Artist: Beatriz Olabarrieta
Exhibition title: Faces
Curated by: Marc Navarro
Venue: Fundació Joan Miró – Espai 13, Barcelona, Spain
Date: December 20, 2019 – March 14, 2020
Photography: Roberto Ruiz / images copyright and courtesy of the artist and Fundació Joan Miró
Beatriz Olabarrieta approaches communication as a discordant phenomenon, in which the voices don’t correspond to the narrative, and the writing doesn’t coincide with any language we recognize. In her proposals, the transmission strategy seems to respond to urgency and precipitation, rather than a communicative intent. The ineffectiveness of this elementary process leads us to scenarios in which the need to speak meets the impossibility of transmitting information efficiently, and language gives rise to the unexpected. When communication no longer transmits remarkable experiences, it becomes a suitable tool for constructing unprecedented experiences. In other words, when language is not limited to its representative function, it can produce anything.
The suspension of our habitual codes transforms written and verbal communication into a complex and arduous gestural exercise, an almost gymnastic effort. That is why translation takes on a choreographic condition in Olabarrieta’s proposals; translation is understood as a space of conciliation, which displays both a domination and a standardization at the same time. This series of protocols that leads us to shift meanings or generate new ones highlights the performativity of communication and invites us to question the poetic and political aspects of translation. In a context of mandatory negotiation between species, between machines and humans, or between artists and institutions, entering a dialogue implies a desire to adapt our vocabulary to parameters that foster familiarity and mutual understanding. It is an adaptation that affects our lexicon and, in its tone and form, our speech.

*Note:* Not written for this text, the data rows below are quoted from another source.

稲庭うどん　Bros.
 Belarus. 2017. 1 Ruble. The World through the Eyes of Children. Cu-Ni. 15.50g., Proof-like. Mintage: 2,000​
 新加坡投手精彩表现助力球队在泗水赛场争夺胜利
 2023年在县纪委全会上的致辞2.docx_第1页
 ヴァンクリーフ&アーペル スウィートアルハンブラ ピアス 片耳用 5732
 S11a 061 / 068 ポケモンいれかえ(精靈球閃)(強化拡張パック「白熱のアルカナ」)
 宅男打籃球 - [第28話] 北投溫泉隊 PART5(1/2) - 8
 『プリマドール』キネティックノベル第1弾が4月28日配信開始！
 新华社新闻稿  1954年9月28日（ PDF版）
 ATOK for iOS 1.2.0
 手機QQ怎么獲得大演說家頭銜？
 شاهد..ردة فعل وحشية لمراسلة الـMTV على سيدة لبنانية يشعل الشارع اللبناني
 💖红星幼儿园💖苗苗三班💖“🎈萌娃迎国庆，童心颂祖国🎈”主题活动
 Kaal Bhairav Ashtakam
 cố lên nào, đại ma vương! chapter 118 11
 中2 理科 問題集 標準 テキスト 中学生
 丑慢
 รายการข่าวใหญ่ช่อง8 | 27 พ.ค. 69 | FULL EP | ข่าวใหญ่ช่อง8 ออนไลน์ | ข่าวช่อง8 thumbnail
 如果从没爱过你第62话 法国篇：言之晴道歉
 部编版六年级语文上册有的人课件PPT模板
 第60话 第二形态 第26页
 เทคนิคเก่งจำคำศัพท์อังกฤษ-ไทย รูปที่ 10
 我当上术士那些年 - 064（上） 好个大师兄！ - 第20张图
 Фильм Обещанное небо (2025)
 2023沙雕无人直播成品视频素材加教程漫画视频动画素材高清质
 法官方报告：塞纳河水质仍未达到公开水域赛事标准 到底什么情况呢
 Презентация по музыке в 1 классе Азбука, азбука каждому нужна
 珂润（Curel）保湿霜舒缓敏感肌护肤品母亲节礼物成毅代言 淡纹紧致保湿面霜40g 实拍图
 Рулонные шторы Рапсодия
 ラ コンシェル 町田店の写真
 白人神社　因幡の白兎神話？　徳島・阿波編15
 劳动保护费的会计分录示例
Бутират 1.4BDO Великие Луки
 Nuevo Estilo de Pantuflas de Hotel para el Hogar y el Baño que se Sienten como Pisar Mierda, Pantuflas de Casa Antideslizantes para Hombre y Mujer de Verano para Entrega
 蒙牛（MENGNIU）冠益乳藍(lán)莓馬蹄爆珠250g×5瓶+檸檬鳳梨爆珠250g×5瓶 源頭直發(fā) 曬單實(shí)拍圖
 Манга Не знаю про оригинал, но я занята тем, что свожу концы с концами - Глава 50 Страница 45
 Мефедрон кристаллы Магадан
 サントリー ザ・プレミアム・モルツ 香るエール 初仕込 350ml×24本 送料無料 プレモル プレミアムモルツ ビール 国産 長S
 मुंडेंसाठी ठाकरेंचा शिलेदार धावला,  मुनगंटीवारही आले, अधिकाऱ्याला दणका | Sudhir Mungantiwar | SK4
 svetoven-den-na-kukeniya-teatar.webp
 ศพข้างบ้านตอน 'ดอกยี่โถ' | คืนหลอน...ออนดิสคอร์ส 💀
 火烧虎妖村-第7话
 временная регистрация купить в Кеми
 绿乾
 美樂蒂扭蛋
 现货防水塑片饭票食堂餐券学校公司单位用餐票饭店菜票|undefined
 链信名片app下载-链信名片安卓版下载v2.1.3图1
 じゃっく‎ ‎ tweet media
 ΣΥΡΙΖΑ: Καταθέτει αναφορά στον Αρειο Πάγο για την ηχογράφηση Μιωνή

In Faces, Olabarrieta examines this constant adaptation and reflects on the changing effects of dialogue, on government and the administration of our identities. Our faces have become the interface for accessing an identity that we are constantly reshaping, a framework that we edit conveniently to show ourselves in public or to blend in. Hiding our faces is often interpreted as a suspicious gesture, which merges faceless subjects into an indefinite mass, without an individual presence. When we show our faces, in contrast, when we share them on social media, or when they are analyzed biometrically by facial recognition software, we activate mechanisms of taxonomic identification that work to classify us into dubious categories like gender or mood. Hiding our identity or modifying it to the point of making it invisible situates us on the margins of the institutional, corporate or governmental framework, contexts that are articulated around a stable image that can guarantee representativity and an exemplary public exposure.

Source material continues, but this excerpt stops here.